WHAT YOU HAVE TO DO ->
Word for word, return the lines below from the first through the line that has "Moose Painted on", dropping the pictures.

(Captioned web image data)

_ _ _ _ _

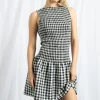 Daisy Street Gingham Boat Neck Mini Dress-Women Dresses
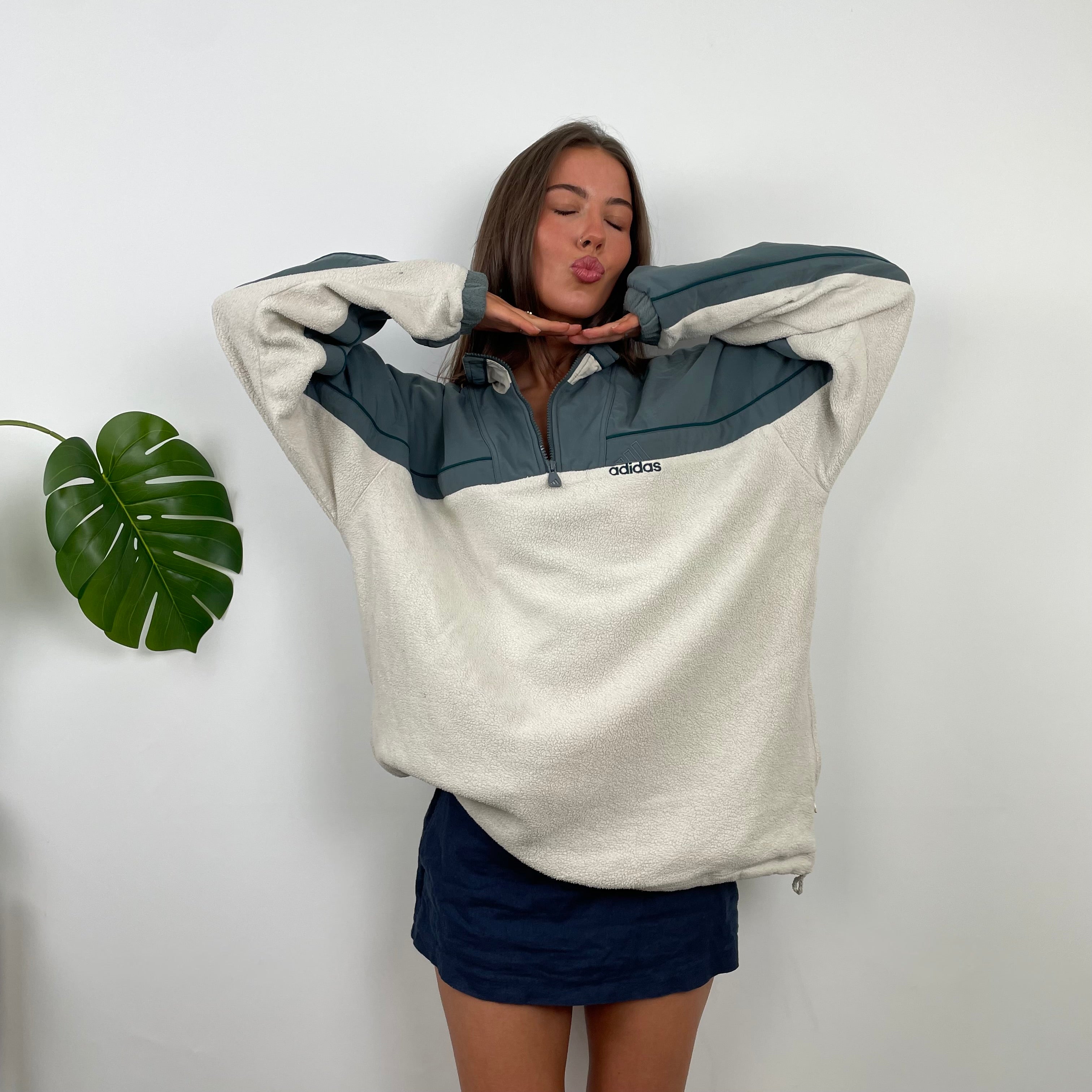 Adidas RARE Cream Embroidered Spell Out Teddy Bear Fleece Quarter Zip Sweatshirt (XL)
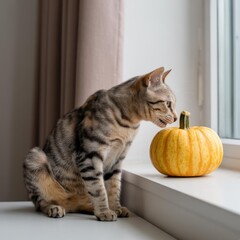 Tabby Cat Sniffing Pumpkin on Windowsill — Autumn/Halloween Blog Header Image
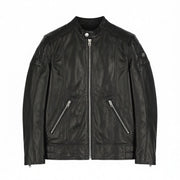 DIESEL L-Marton Men Jacket S Black Leather Lightweight Band Neck Zip Jacket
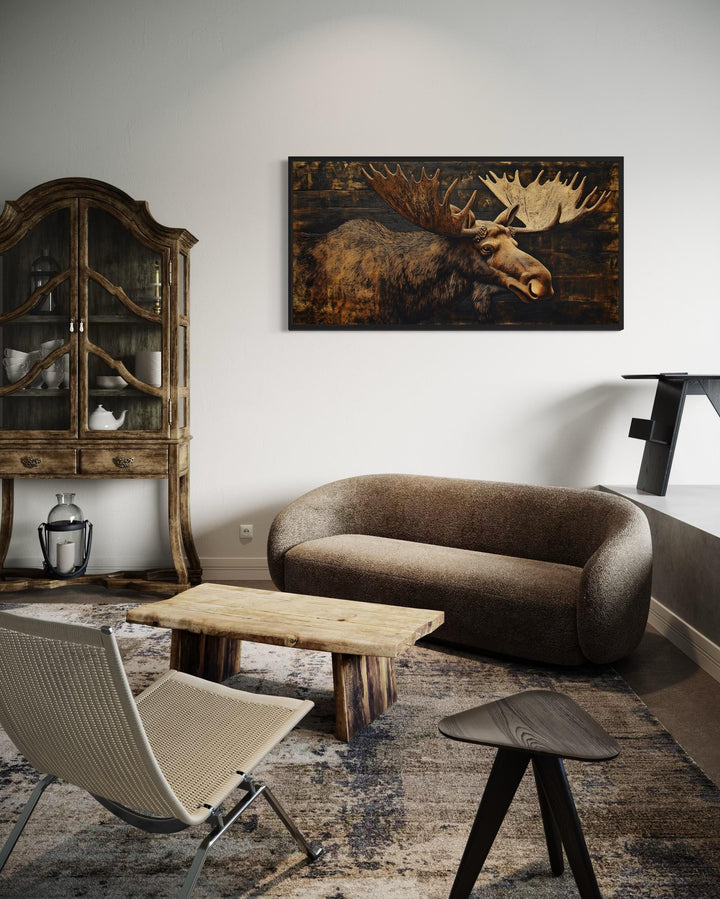 Moose Painted on Dark Wood Framed Canvas Wall Art in cabin rustic room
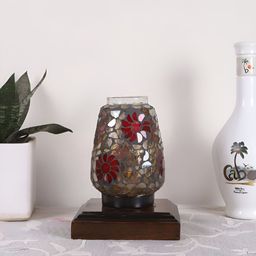 Aura Red & Grey Textured Bell Shaped Glass Table Lamp with Wooden Base-picture-44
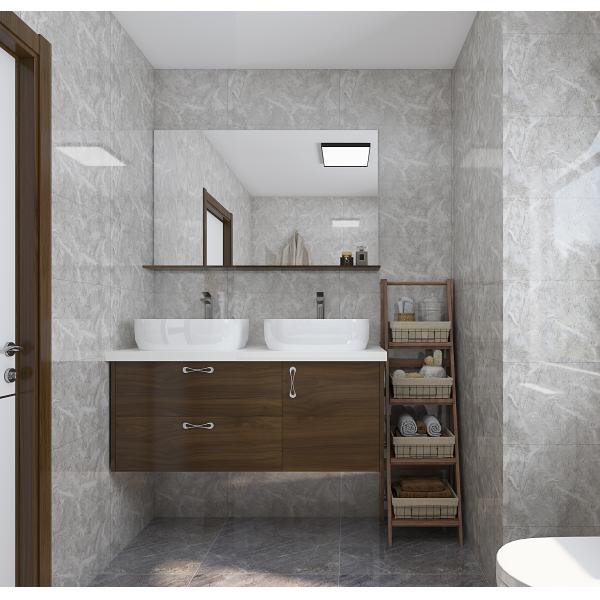 Vanidade de banheiro de lavatório único com um armário de espelho inteligente e acabamento de cromo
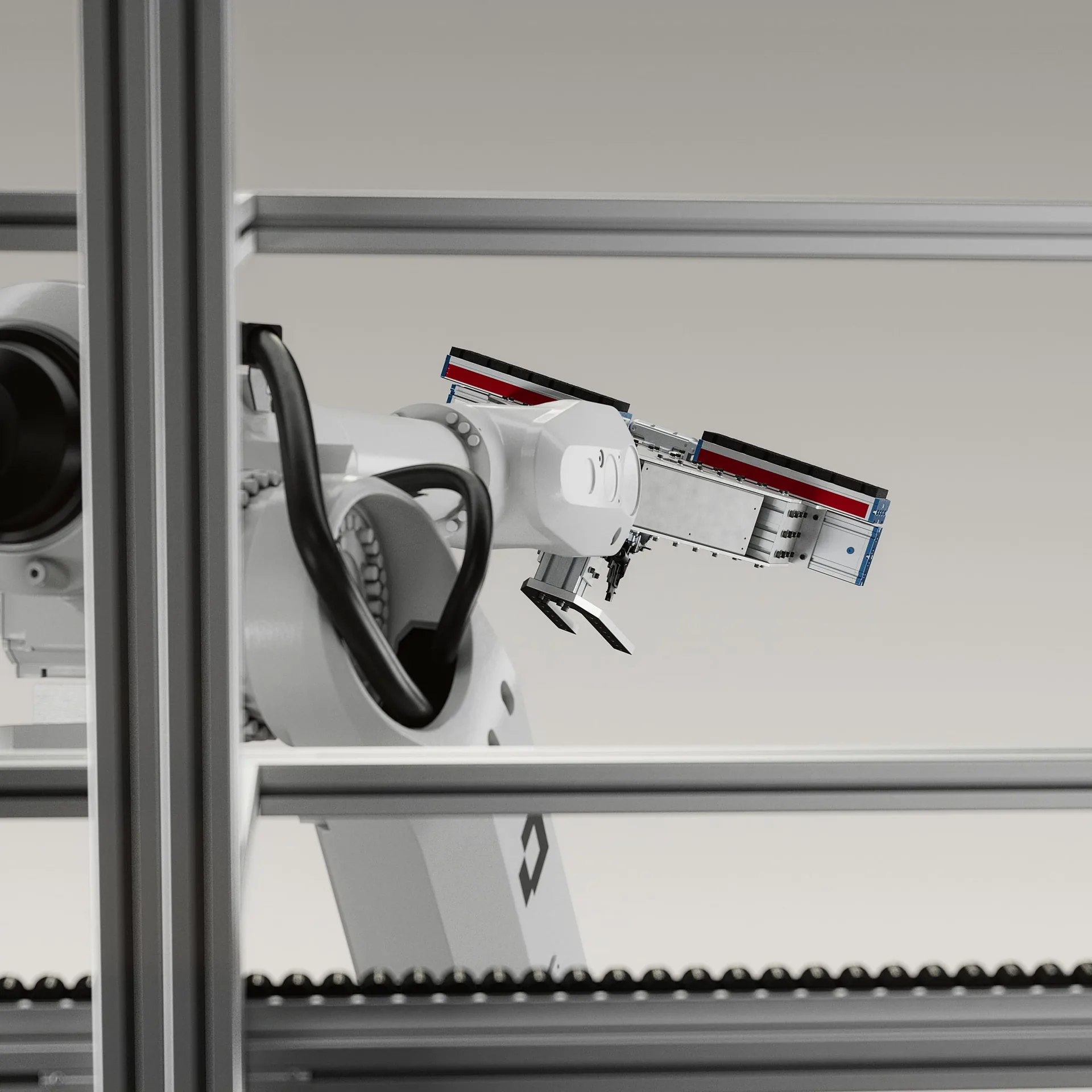 AUAR MicroFactory 3D render, wide framing showing full system layout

_ _ _ _ _

OUTPUT OF THE TASK ->
 Daisy Street Gingham Boat Neck Mini Dress-Women Dresses
 Adidas RARE Cream Embroidered Spell Out Teddy Bear Fleece Quarter Zip Sweatshirt (XL)
 Tabby Cat Sniffing Pumpkin on Windowsill — Autumn/Halloween Blog Header Image
 DIESEL L-Marton Men Jacket S Black Leather Lightweight Band Neck Zip Jacket
 Moose Painted on Dark Wood Framed Canvas Wall Art in cabin rustic room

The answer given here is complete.